COLLECTED MATERIAL —
-----

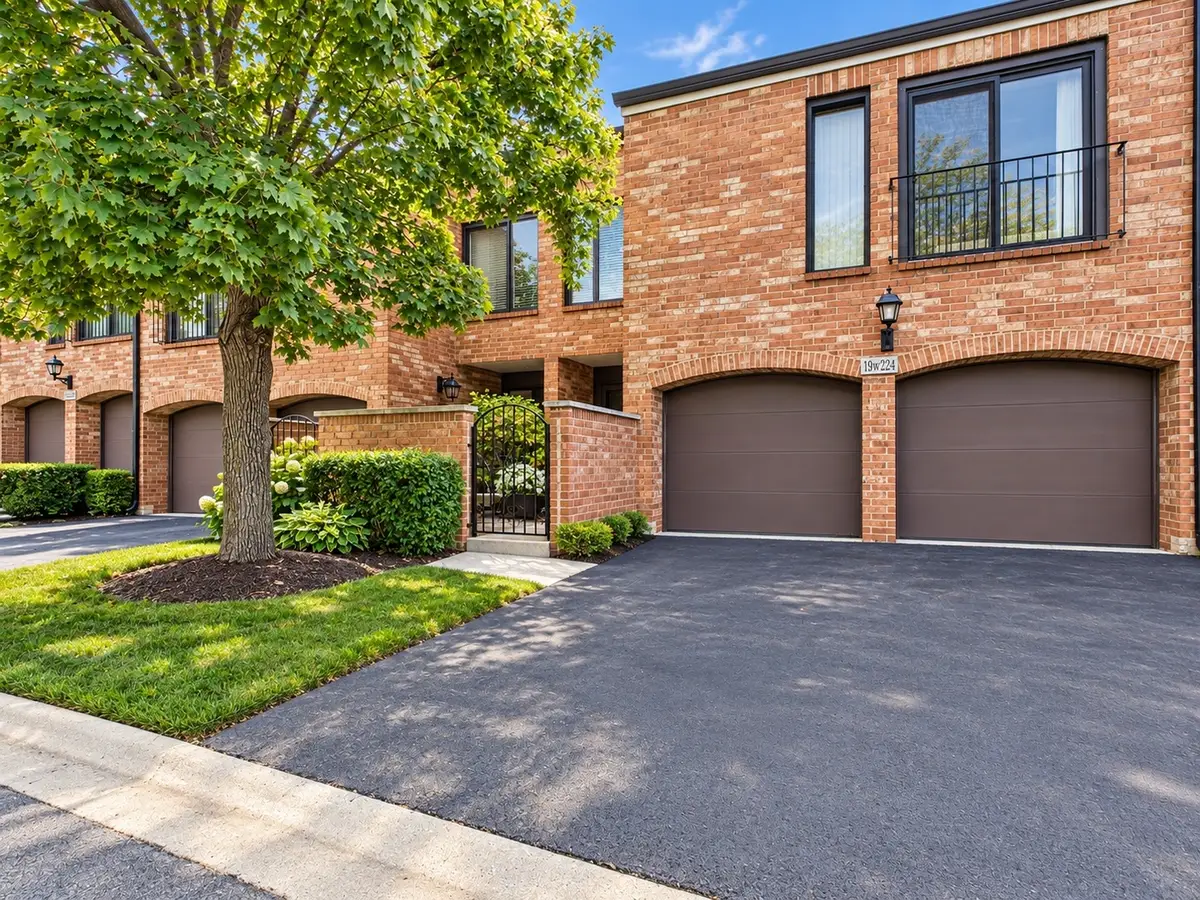 19w224 Old Tavern Road W, Oak Brook, IL 60523 - #1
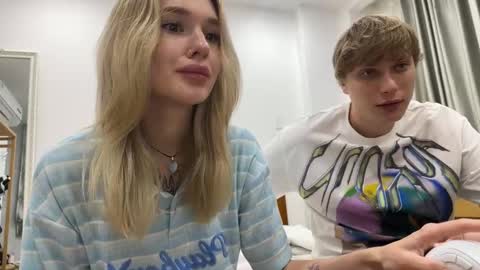 Snapshot of pussymoneywet chatting on December 2025 07:41:01 PM Lina online show from December 2025 07:41:01 PM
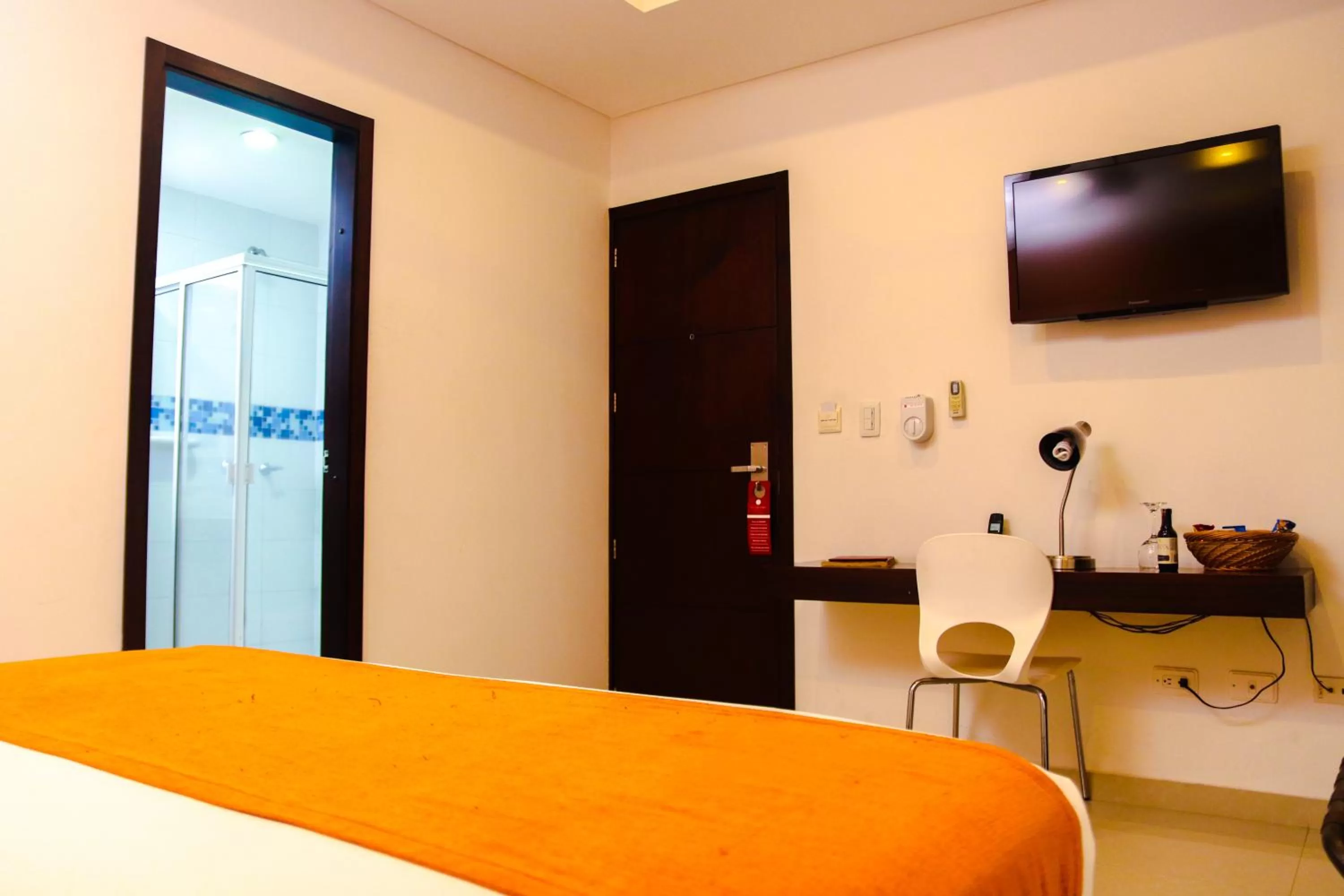 Photo of the whole room, Bed in Hotel Buenos Aires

-----

TASK BRIEF —
Skipping any pictures, transcribe the full listing exactly.

THE ANSWER —
 19w224 Old Tavern Road W, Oak Brook, IL 60523 - #1
 Snapshot of pussymoneywet chatting on December 2025 07:41:01 PM Lina online show from December 2025 07:41:01 PM
 Photo of the whole room, Bed in Hotel Buenos Aires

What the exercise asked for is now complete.